The Nebraska Association of School Boards wants to help make the state’s students more fit.
They’ve enlisted the help of Dr. Bob Rauner, director of the Partnership for a Healthy Nebraska, who has spent the past five years crunching numbers at Lincoln Public Schools that show a direct correlation between fitness and student achievement.
Rauner and association officials hope to expand his work to districts across the state, assisting them in gathering fitness and student achievement data, then helping them start healthy practices, whether that’s building a walking track, making sure students get recess or starting a healthy breakfast program.
To do that, they’ve created an interlocal agency called the Nebraska Whole Child Project that will act as a clearinghouse for statewide fitness and student achievement data and a means of securing private donations. State law allows the creation of such agencies, which have their own boards of directors.

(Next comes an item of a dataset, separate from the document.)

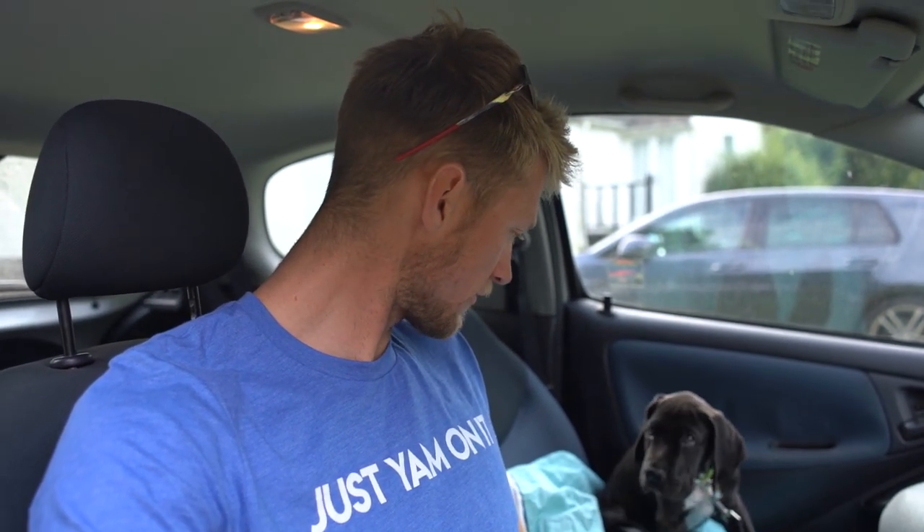Hello, YouTubers, and welcome to another episode of the vlogs. Today we're going to talk a little bit about training in the off-season.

The idea for the Whole Child Project came from the school district association’s board, which had been discussing ways to create partnerships with the private sector and expand the notion of a school’s success beyond test scores, said John Spatz, executive director of the Nebraska Association of School Boards.
They’ve just incorporated, and board members from the Norris, Johnson County Central, Franklin and Wayne school districts held the first board meeting Tuesday.
“We’re excited about this,” Spatz said. “It’s new and a little bit different.”
They’ve been developing the idea for about two years, and 61 school districts and educational service units have signed on so far. It also is open to state colleges and universities.
The first step, Spatz said, is raising enough money to hire people to train interested school districts in how to collect the fitness data, administer the fitness test, then compile it along with test scores, obesity rates, poverty and other student demographics.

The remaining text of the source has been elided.